Exercise requirements: Output all of the records word for word and drop the images.

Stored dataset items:
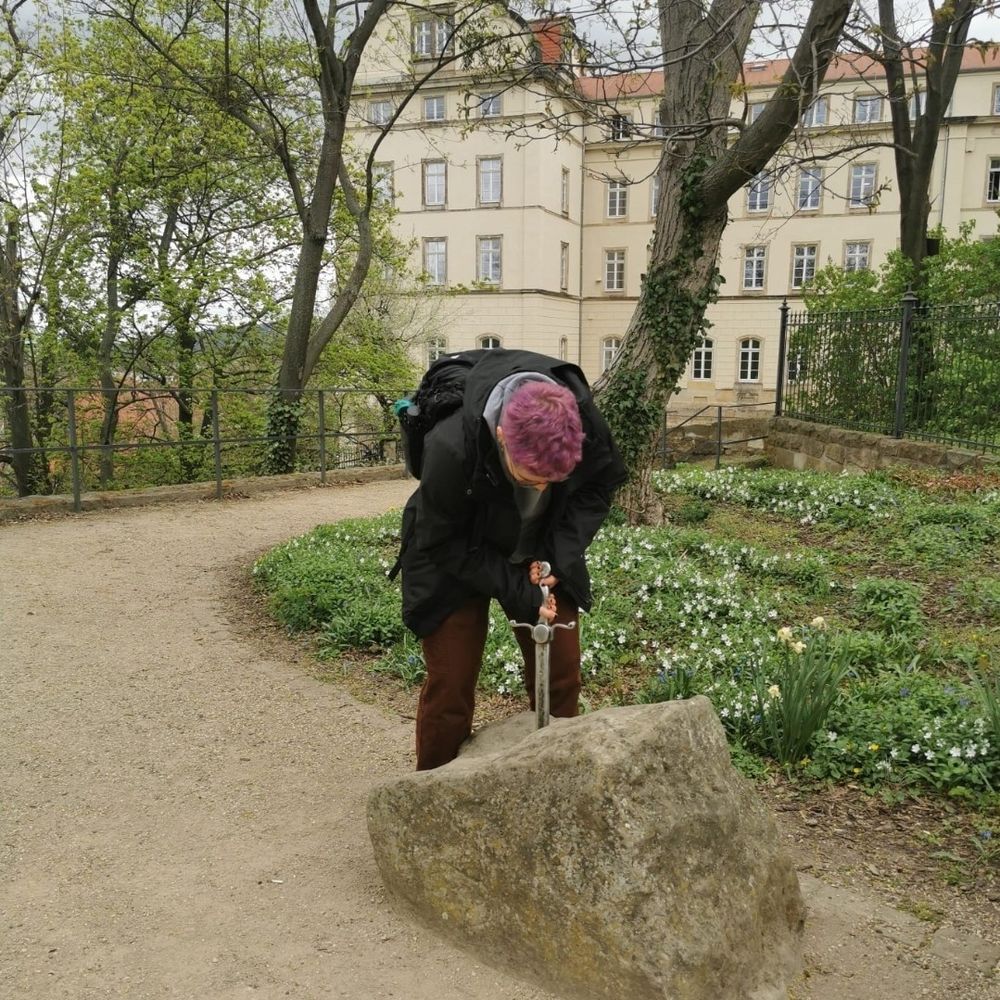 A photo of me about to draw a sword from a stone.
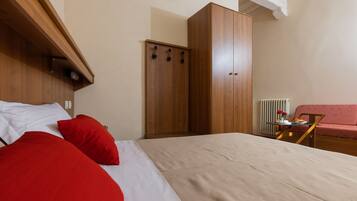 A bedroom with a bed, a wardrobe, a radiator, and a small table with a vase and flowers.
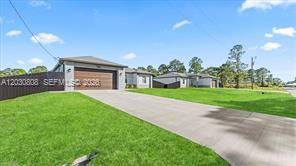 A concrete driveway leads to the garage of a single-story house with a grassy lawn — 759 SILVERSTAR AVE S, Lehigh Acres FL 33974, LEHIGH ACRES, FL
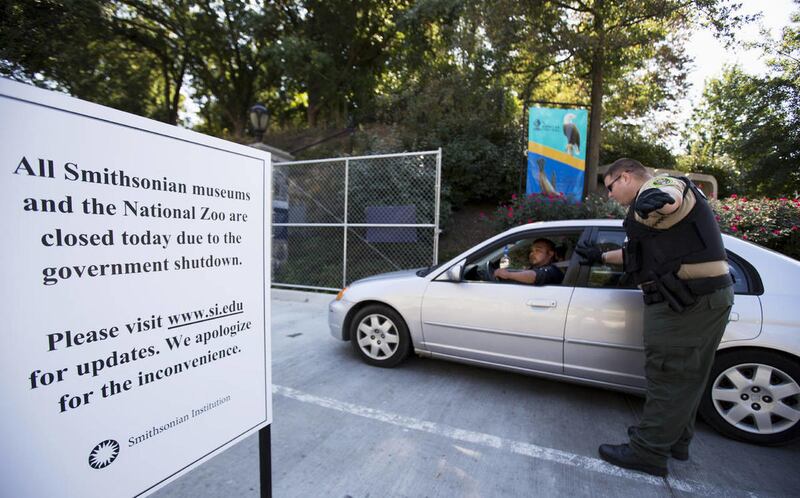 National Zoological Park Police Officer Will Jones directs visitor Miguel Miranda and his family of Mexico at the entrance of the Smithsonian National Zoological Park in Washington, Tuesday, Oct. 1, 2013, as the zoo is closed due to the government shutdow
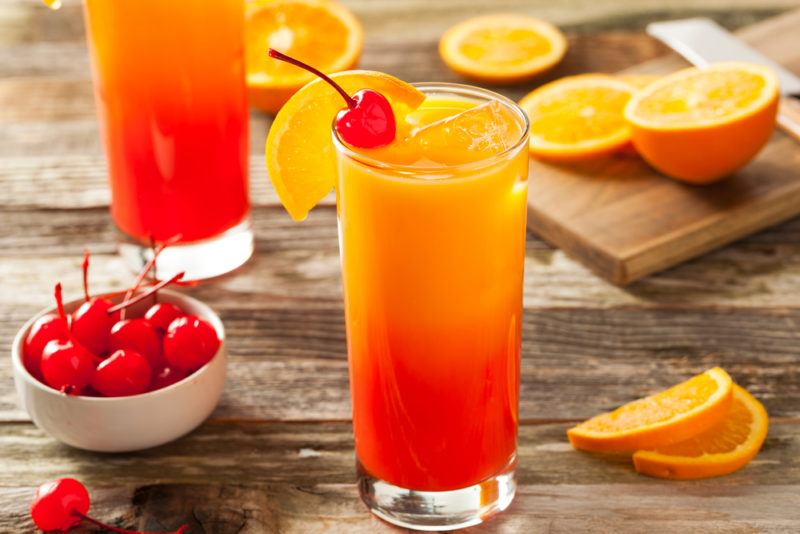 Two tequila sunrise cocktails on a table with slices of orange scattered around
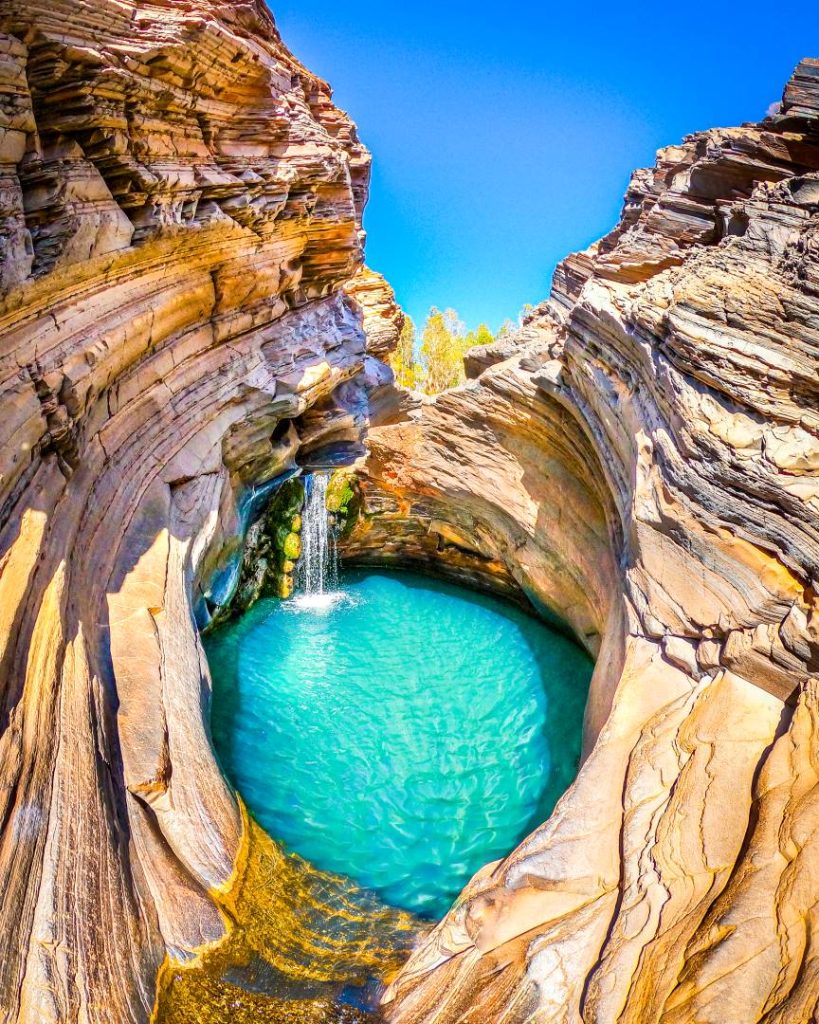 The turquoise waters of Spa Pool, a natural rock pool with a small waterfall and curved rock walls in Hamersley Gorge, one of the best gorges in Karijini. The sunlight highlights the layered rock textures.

Finished task:
 A photo of me about to draw a sword from a stone.
 A bedroom with a bed, a wardrobe, a radiator, and a small table with a vase and flowers.
 A concrete driveway leads to the garage of a single-story house with a grassy lawn — 759 SILVERSTAR AVE S, Lehigh Acres FL 33974, LEHIGH ACRES, FL
 National Zoological Park Police Officer Will Jones directs visitor Miguel Miranda and his family of Mexico at the entrance of the Smithsonian National Zoological Park in Washington, Tuesday, Oct. 1, 2013, as the zoo is closed due to the government shutdow
 Two tequila sunrise cocktails on a table with slices of orange scattered around
 The turquoise waters of Spa Pool, a natural rock pool with a small waterfall and curved rock walls in Hamersley Gorge, one of the best gorges in Karijini. The sunlight highlights the layered rock textures.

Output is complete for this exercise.